[Opening Data block section]

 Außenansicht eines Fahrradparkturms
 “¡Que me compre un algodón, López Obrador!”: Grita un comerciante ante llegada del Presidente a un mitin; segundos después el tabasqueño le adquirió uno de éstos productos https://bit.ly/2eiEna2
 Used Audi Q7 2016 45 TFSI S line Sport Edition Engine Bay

[Closing Data block section]

What you have to do: Repeat the material above in full so that each line matches the original exactly.

Result of the task:
 Außenansicht eines Fahrradparkturms
 “¡Que me compre un algodón, López Obrador!”: Grita un comerciante ante llegada del Presidente a un mitin; segundos después el tabasqueño le adquirió uno de éstos productos https://bit.ly/2eiEna2
 Used Audi Q7 2016 45 TFSI S line Sport Edition Engine Bay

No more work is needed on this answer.